Exact copies of all the lines below are wanted, without a single picture.

■ Given records:
################
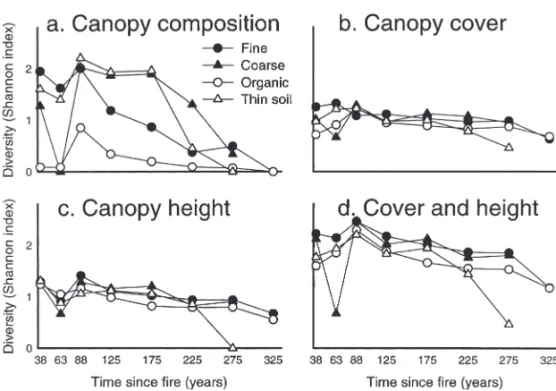 Fig. 1. Canopy species composition of stands in different age classes on four site types; 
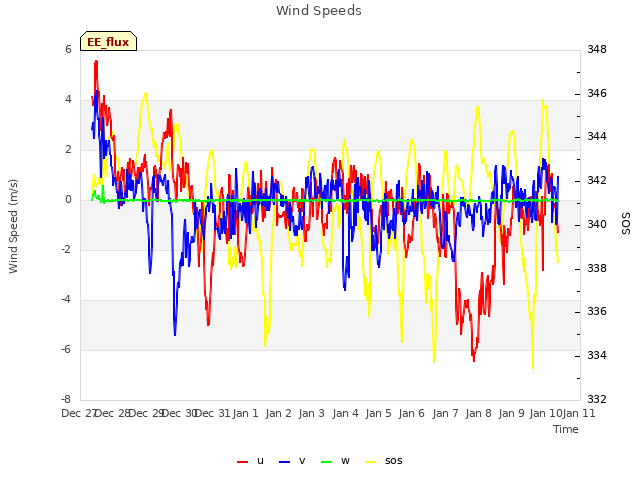 plot of Wind Speeds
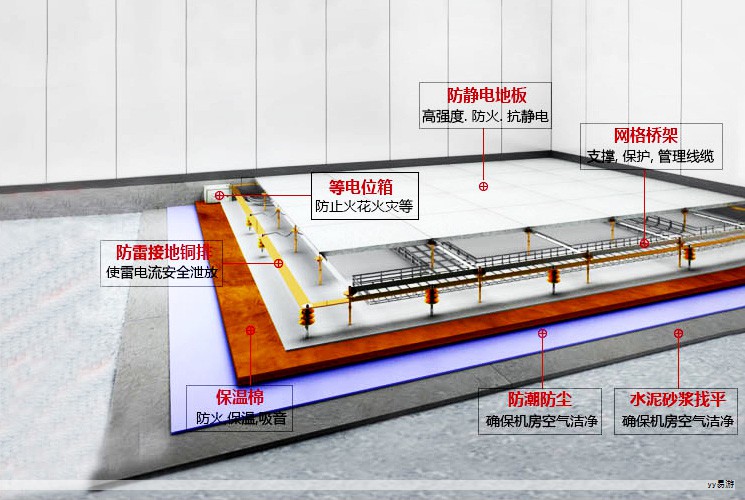 综合布线体系由七大子系统组成，各自承担不同职责并相互衔接，形成从前端到后台、从单体建筑到建筑群的完整通信网络。以下对七大子系统的作用、部署位置与要点进行梳理。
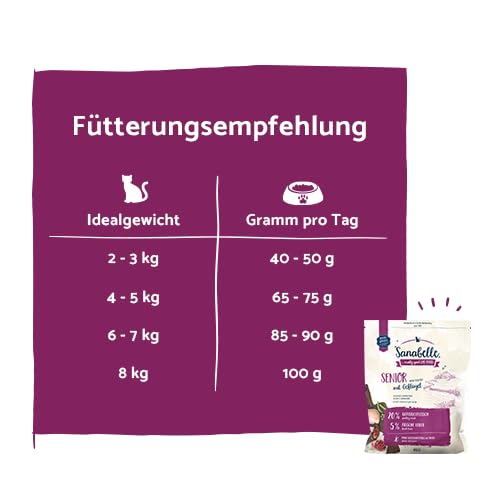Sanabelle Senior | Katzentrockenfutter für ältere Katzen ab dem 8. Lebensjahr | 6 x 400 g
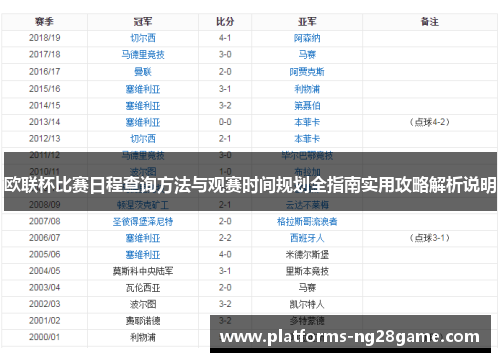 欧联杯比赛日程查询方法与观赛时间规划全指南实用攻略解析说明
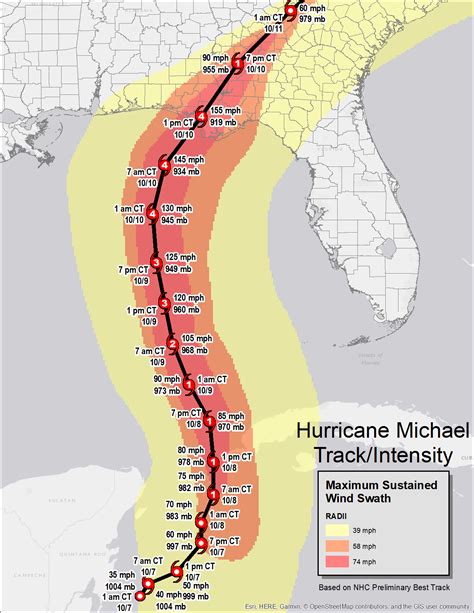 Hurricane Michael 2018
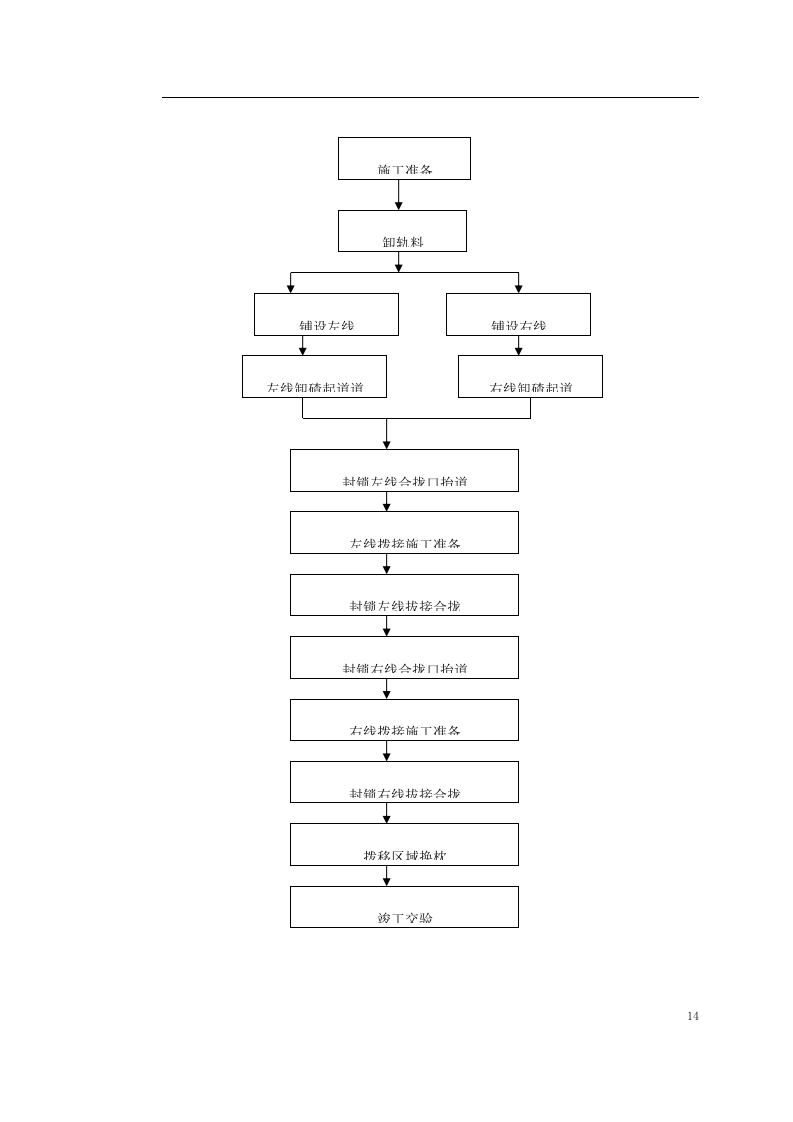 轨道施工方案.doc 第14页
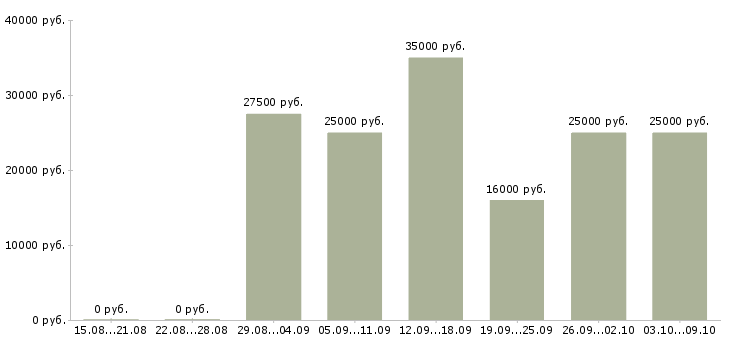 Вакансии на компьютере через интернет в Владимире - Медиана зарплат на компьютере через интернет в Владимире за 2 месяца
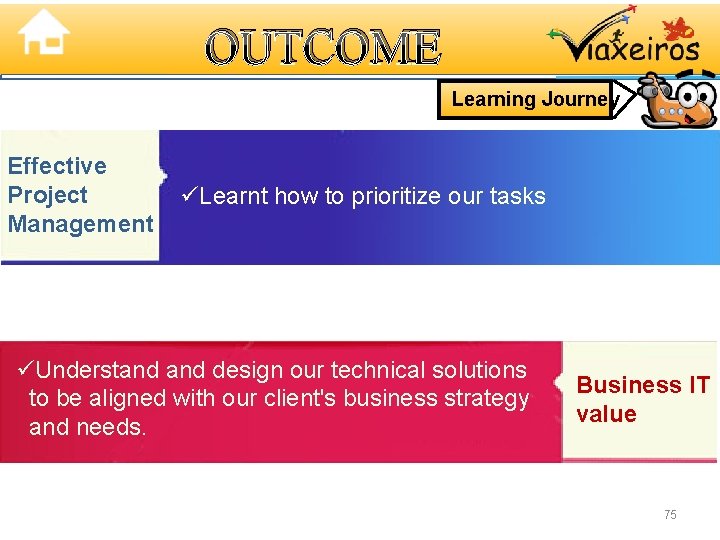 OUTCOME Learning Journey Effective Project Management üLearnt how to prioritize our tasks üUnderstand design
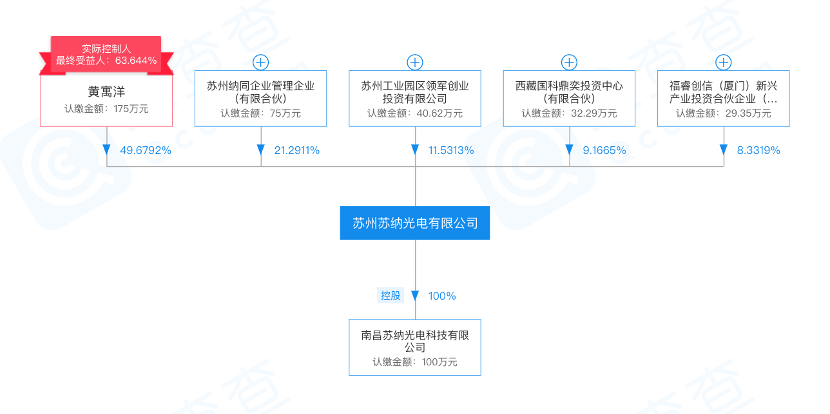拥有全链条研发生产能力，「苏纳光电」400G光模块硅透镜芯片通过验证|潮科技·芯创业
################
■ Expected answer:
 Fig. 1. Canopy species composition of stands in different age classes on four site types; 
 plot of Wind Speeds
 综合布线体系由七大子系统组成，各自承担不同职责并相互衔接，形成从前端到后台、从单体建筑到建筑群的完整通信网络。以下对七大子系统的作用、部署位置与要点进行梳理。
Sanabelle Senior | Katzentrockenfutter für ältere Katzen ab dem 8. Lebensjahr | 6 x 400 g
 欧联杯比赛日程查询方法与观赛时间规划全指南实用攻略解析说明
 Hurricane Michael 2018
 轨道施工方案.doc 第14页
 Вакансии на компьютере через интернет в Владимире - Медиана зарплат на компьютере через интернет в Владимире за 2 месяца
 OUTCOME Learning Journey Effective Project Management üLearnt how to prioritize our tasks üUnderstand design
拥有全链条研发生产能力，「苏纳光电」400G光模块硅透镜芯片通过验证|潮科技·芯创业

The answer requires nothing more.